A verbatim copy of all the data is required; the pictures should not appear in it.

Dataset excerpt
------------

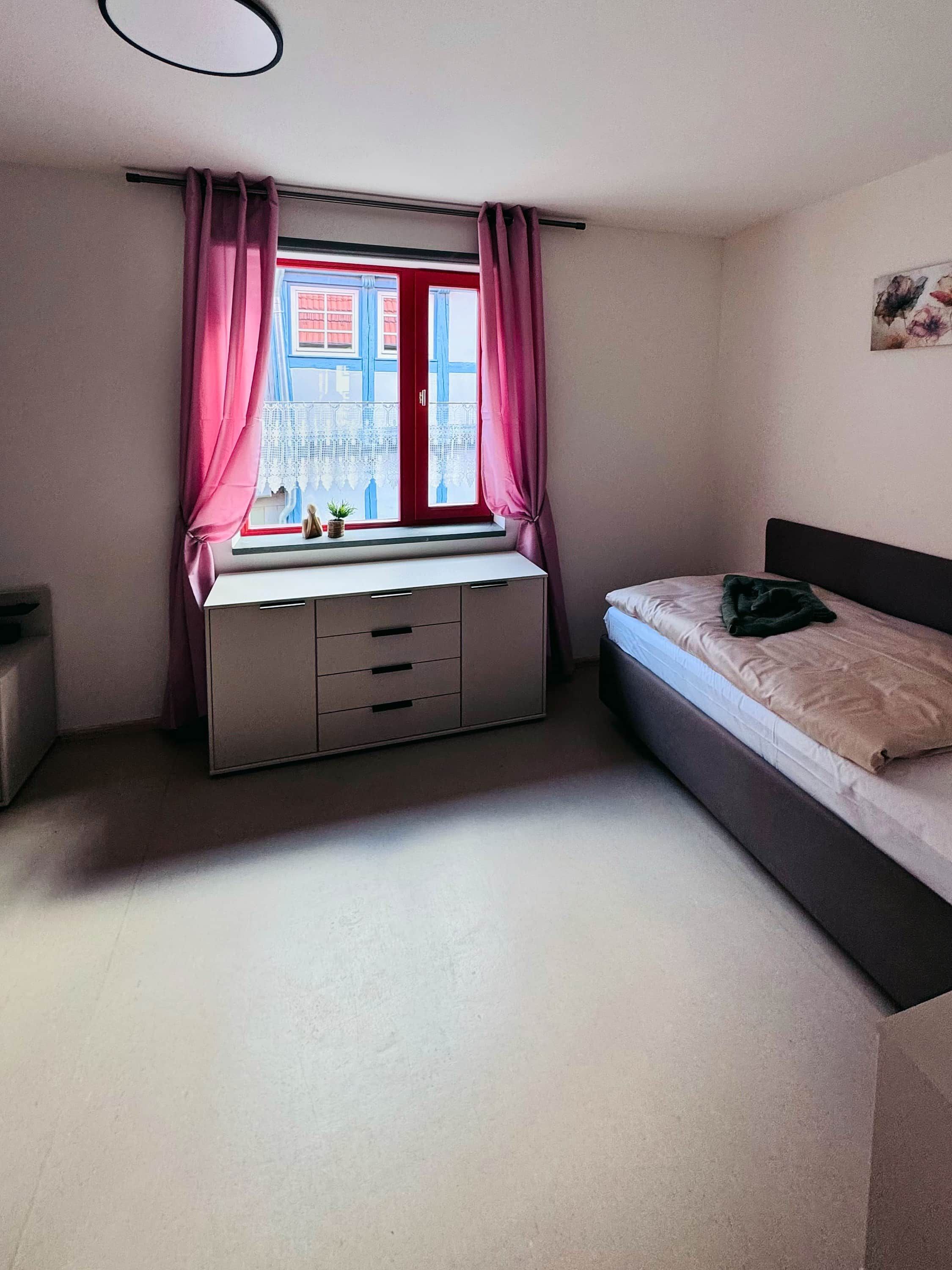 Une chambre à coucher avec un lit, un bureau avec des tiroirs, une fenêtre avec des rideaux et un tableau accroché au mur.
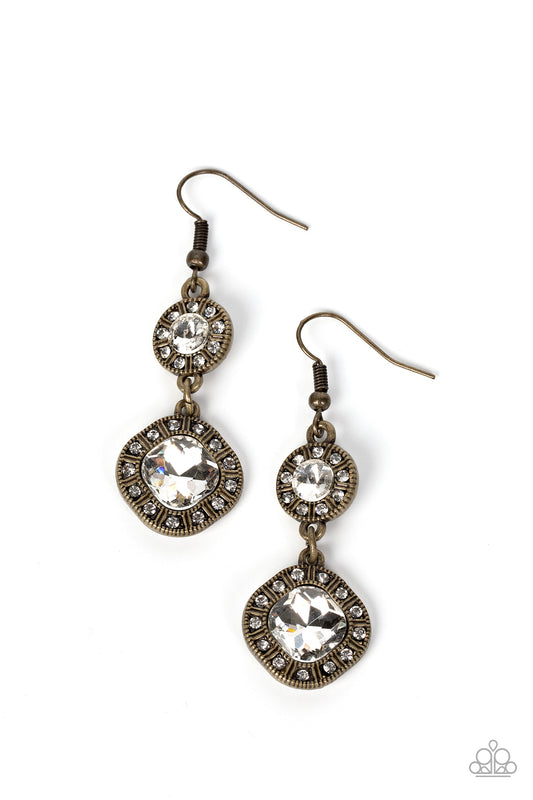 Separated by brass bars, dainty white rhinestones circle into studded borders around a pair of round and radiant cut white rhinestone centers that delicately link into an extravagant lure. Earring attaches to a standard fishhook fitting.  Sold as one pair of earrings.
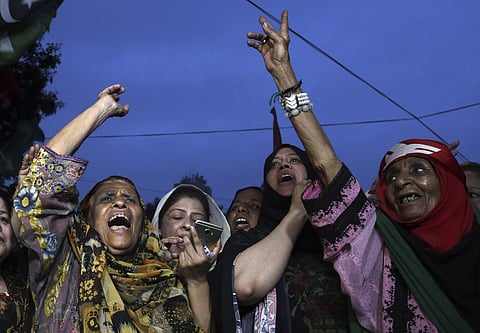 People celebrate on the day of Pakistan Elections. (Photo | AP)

------------

Solution to this task
 Une chambre à coucher avec un lit, un bureau avec des tiroirs, une fenêtre avec des rideaux et un tableau accroché au mur.
 Separated by brass bars, dainty white rhinestones circle into studded borders around a pair of round and radiant cut white rhinestone centers that delicately link into an extravagant lure. Earring attaches to a standard fishhook fitting.  Sold as one pair of earrings.
 People celebrate on the day of Pakistan Elections. (Photo | AP)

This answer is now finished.